Murdaugh jurors visit crime scene at his Moselle estate
- Published
Prosecutors have finished their closing argument in the high-profile trial of a former lawyer accused of murdering his wife and son in South Carolina.
They told the jury that "lies and his guilty actions" by Alex Murdaugh, 54, prove he gunned down Maggie, 52, and son, Paul, 22, on the family's estate.
Jurors earlier in the day visited the sprawling, 1,700-acre hunting lodge to assess the crime scene.
The disbarred attorney denies involvement in the 7 June 2021 deaths.
The defence will present their closing argument on Thursday.
Mr Murdaugh reported finding the bodies of his wife and son near the dog kennels on the property in South Carolina's Colleton County.
Over several hours on Wednesday afternoon, lead prosecutor Creighton Waters painstakingly led jurors through the state's theory.
At the time of the murders, Mr Waters said, a "gathering storm" was threatening to expose Mr Murdaugh's decade of financial crimes, which he has himself admitted in court.

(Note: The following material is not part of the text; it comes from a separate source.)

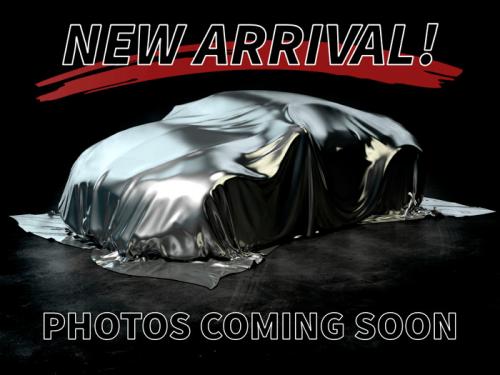 2009 Chevrolet Cobalt LT w/2LT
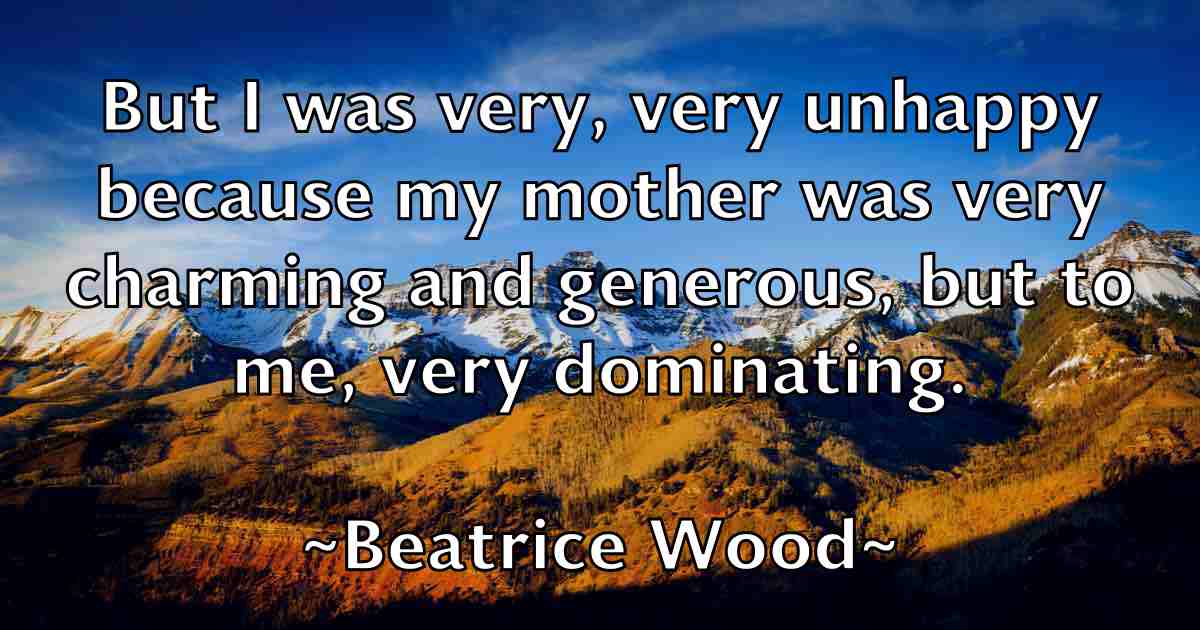 /images/quoteimage/beatrice-wood-fb-78081.jpg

The murders of Maggie and Paul, Mr Waters said, were Mr Murdaugh's desperate attempt to gain sympathy and delay looming inquiries into his theft of millions of dollars.
The state's case has been limited by a lack of physical evidence - the murder weapons were not found, there were no eyewitnesses and no blood found on Mr Murdaugh's clothing.
But Mr Waters on Wednesday emphasised that Mr Murdaugh was with his wife and son just minutes before the killings, something the defendant had denied for 20 months before acknowledging it last week in court.
"After an exhaustive investigation, there is only one person who had the motive, who had the means, who had the opportunity to commit these crimes, and also whose guilty conduct after these crimes betrays him," Mr Waters said.
Earlier this week, Mr Murdaugh's lawyer, Dick Harpootlian, asked Judge Clifton Newman to grant jurors time to visit the 1,700-acre estate, known as Moselle, to get a better idea of where the bodies were found relative to the kennels and the Murdaugh home, where Mr Murdaugh originally said he had been napping at the time of the killings.
"You just can't really appreciate the spatial issues without really seeing them," Mr Harpootlian told the court on Monday.
Prosecutors, however, argued against granting jurors access to the estate, saying that the property has changed in the 20 months since the killings.
They said that some of the trees between the kennels and the Murdaugh home have grown taller and thicker.
Only the judge, members of the jury, police and security personnel were present for the visit, but members of the trial's media pool also paid a brief visit to the property on Wednesday morning.
"It is a heavy place to visit," the Wall Street Journal's Valerie Bauerlein wrote in a pool report. "The property has stood vacant for 20 months and the grass is high."
After seeing the kennels, a nearby shed and feed room, she observed: "There was no visible sign that two people had died in a violent manner in such close proximity, no blood stain or anything similar to it."
Moselle is where the family lived for several years. It includes their home, as well as dog kennels, a cabin and sprawling lands, fields and forests, where Mr Murdaugh would hunt with his two sons.
The estate is now listed under contract at $3.9m (£3.9m), CNN reports, external.
Mr Murdaugh's surviving son, Buster, testified that much of the estate is "really not even accessible" because it is filled with swamps and there are no built roadways in many parts.
If convicted, Mr Murdaugh faces 30 years in jail, though prosecutors have argued for a life sentence.